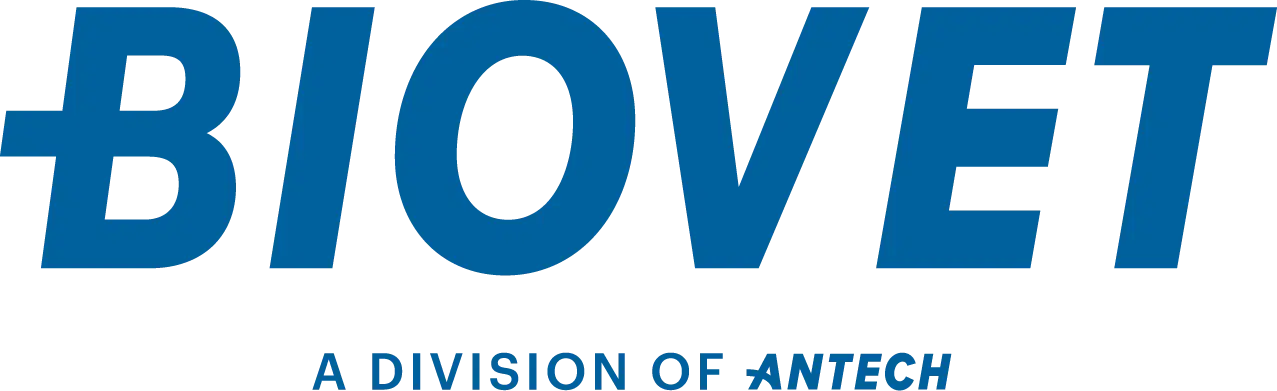 Biovet Antech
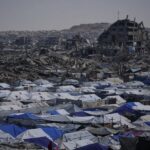 gaza_korban_jiwa_a8b9fe9cdf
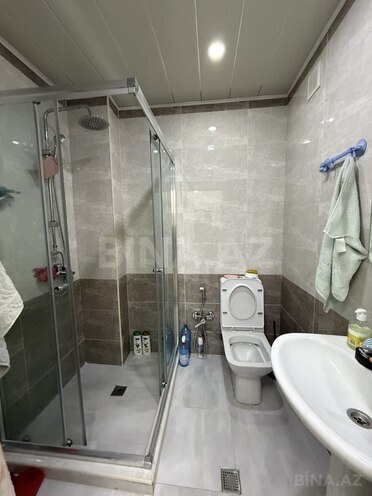 Satılır 2 otaqlı yeni tikili 64 m², photo 16 from 21
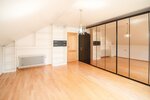 Wunderschöne Dachwohnung mit zwei Dachterrassen & Garage in Niedereschach - Dachgeschoßwohnung Niedereschach | Angebot:26364122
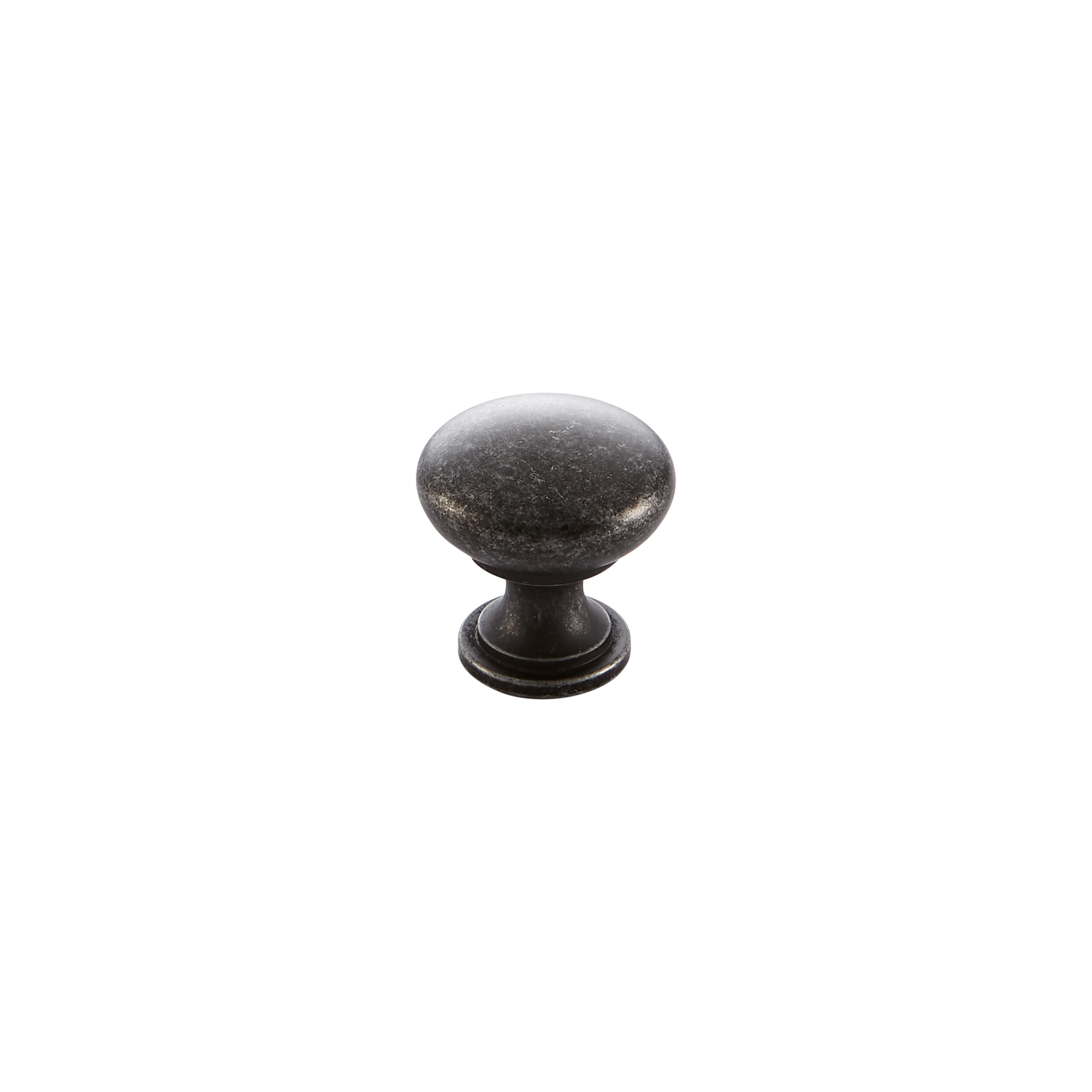 Momo Florencia Plain Knob 29mm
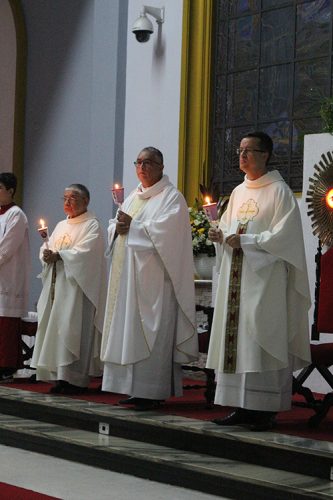 Sabado-Santo-Vigilia-Pascal-19-04-2025-3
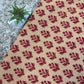Banjara Print Fabric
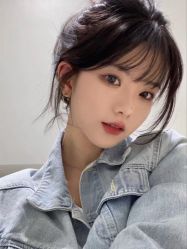 -东秀护肤造型
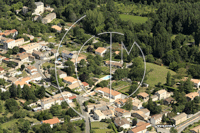 Photos de La Crche (Ruffigny)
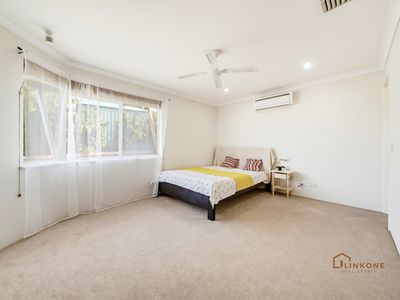 20 Azelia Street, Alexander Heights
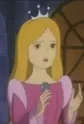 Princess Rose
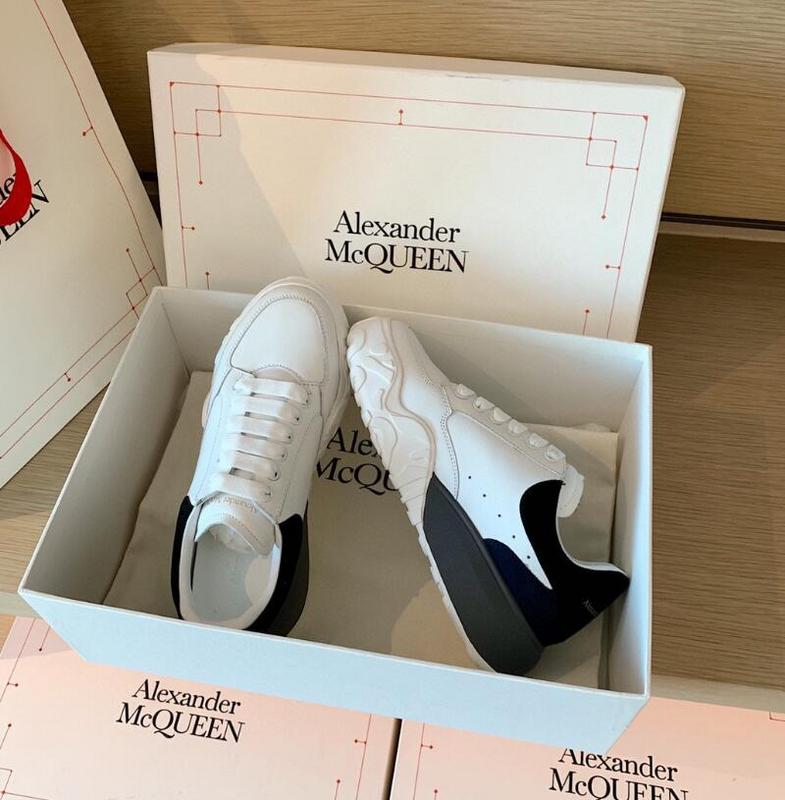 Luxe Touch Bags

= = = = = = =

Apart from the pictures, every line of the material above is to be returned word for word.

 Biovet Antech
 gaza_korban_jiwa_a8b9fe9cdf
 Satılır 2 otaqlı yeni tikili 64 m², photo 16 from 21
 Wunderschöne Dachwohnung mit zwei Dachterrassen & Garage in Niedereschach - Dachgeschoßwohnung Niedereschach | Angebot:26364122
 Momo Florencia Plain Knob 29mm
 Sabado-Santo-Vigilia-Pascal-19-04-2025-3
Banjara Print Fabric
 -东秀护肤造型
 Photos de La Crche (Ruffigny)
 20 Azelia Street, Alexander Heights
 Princess Rose
 Luxe Touch Bags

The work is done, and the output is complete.